White nationalists and people sympathetic to white nationalism are increasingly complaining that they’re being treated unfairly. They don’t understand what’s wrong with wanting to secure a future for themselves and their children. They don’t understand what’s wrong with saying “It’s OK to be white.” They want to know why other groups – let’s say Jews – are allowed to have Jewish identities and (nominally) Jewish states, but they’re not allowed to have a “white identity movement” and a white “ethnostate.”
Ask them to explain what “white identity” is, though, and they won’t be able to tell you.
Intentionally or unintentionally, the “white identity movement” pays a striking lack of attention to defining what “whiteness” and “white identity” actually mean. Beyond preoccupations with “white genocide” and “replacement” through “mass immigration,” it is difficult to determine what the actual priorities of the “white identity movement” are, or how its existence benefits white people in any way.
By contrast, the question of “Who Is A Jew?” and discussions about Jewish identity centre around different expressions of culture, religion, history and tradition as much as the need to band together and fight external enemies. Indeed, you can find parallel conversations in every religious and ethnic community. Some of these debates lead nowhere, and some are even violent. But their presence indicates that the particular community is engaged in a process of self-definition – one that the “white identity movement” ignores.
It is true that the State of Israel was formed in response to anti-Semitism, and that Jewish nationalism played no small role in its establishment. Israel was born in, and through, violence. But Israel was never intended to be a mere “ethnostate,” solely for the protection and perpetuation of the Jewish race, and ever since its establishment Jews have been questioning the circumstances of its creation.

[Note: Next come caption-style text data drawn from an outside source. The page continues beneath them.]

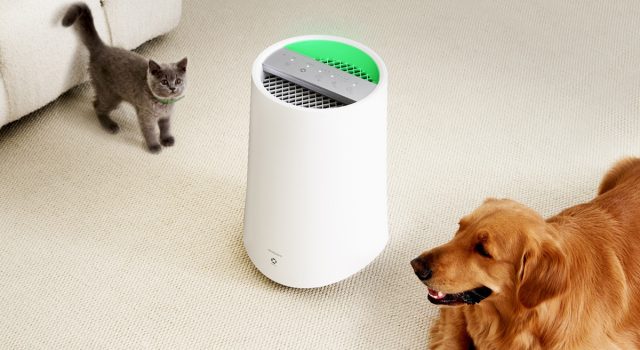 Acerpure PRO P5 Series Hadir, Air Purifier Pintar untuk Rumah dengan Hewan Peliharaan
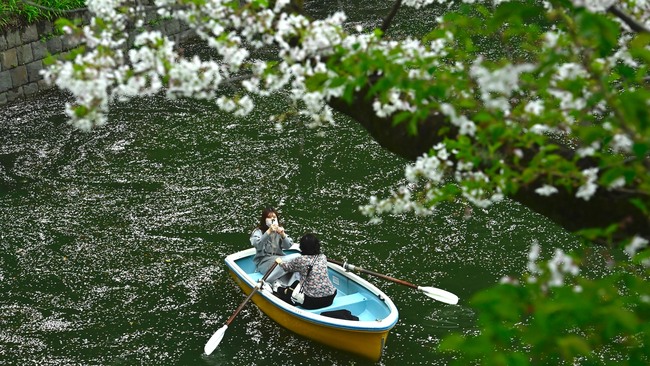 People enjoy the last cherry blossom season in Tokyo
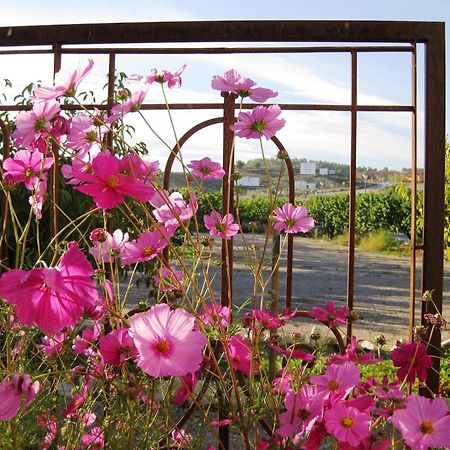Готель Jardines De Casablanca Каравака-де-ла-Крус Екстер'єр фото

So, just in case it wasn’t completely obvious before, we have established that there is a difference between Jewish identity and Jewish nationalism on the one hand, and “white identity” and “white nationalism” on the other. It is because of this difference that attempts to argue that “Zionism is racism” or that Israel is a white supremacist project have failed. (Indeed, Israel’s most effective critics allege that Israel is acting like, or sounding like, white nationalists, thereby implicitly acknowledging that there is a difference between the two.)
But more than that: the white identity movement’s refusal to define what, specifically, is positive about being white is what prevents it from being anything more than a hate movement.

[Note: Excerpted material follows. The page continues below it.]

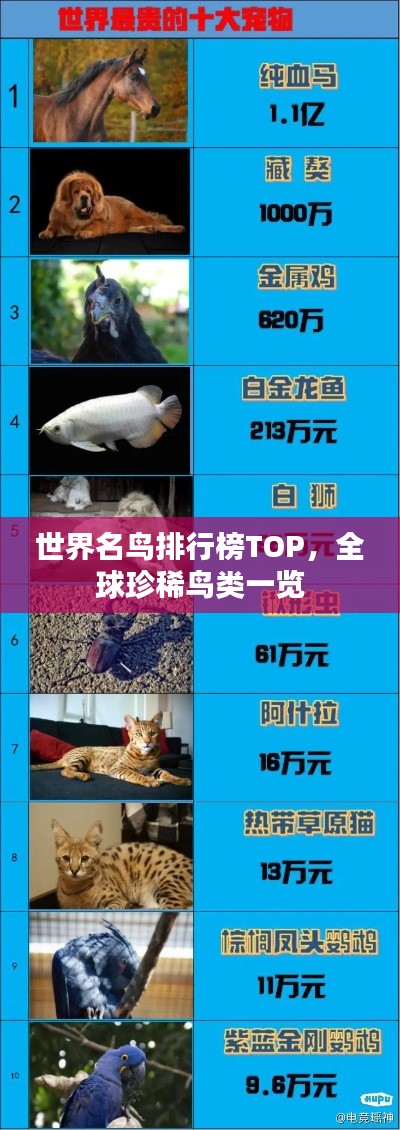 世界名鸟排行榜TOP，全球珍稀鸟类一览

Given the choice, I’m sure most of us would be fine with a movement that didn’t try to build white people up by tearing other groups down. This is a big part of what Jewish communities do: defining Jewish identity in terms of holidays, food, religious study, humour, and through the examples of Jews that have achieved success in politics, art, science and sports. This isn’t just PR — it is done to ensure the failure of the white identity movement’s campaign to define Jews as malicious parasites that try to undermine the societies in which they live. If Jewish communities were to prioritize criticism of white people, or any other group, then it would be easy to define them by their worst attributes.
The not-very-convincing reply to all this is that Jews exert such total control of the discourse that white people must assert themselves through violence. There is much to criticize about this argument, but perhaps the most mind-boggling thing is the implication that, somehow, white people have consented to an arrangement where they are unable to express themselves.

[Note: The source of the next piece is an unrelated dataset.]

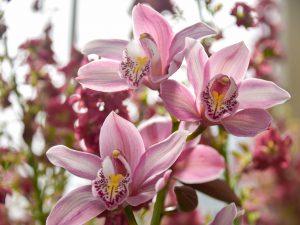 Rostliny vhodné do zimní zahrady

And here we see, finally, what the “white identity movement” is really all about: hopelessness, nihilism and despair. It doesn’t give white people anything tangible to be proud of because it doesn’t actually want white people to be well-adjusted and contributing members of society. It wants to convince members that they are at the mercy of all-powerful forces so that they will be easier to control — and so that they will be more open to committing acts of violence against Jews and other minority groups.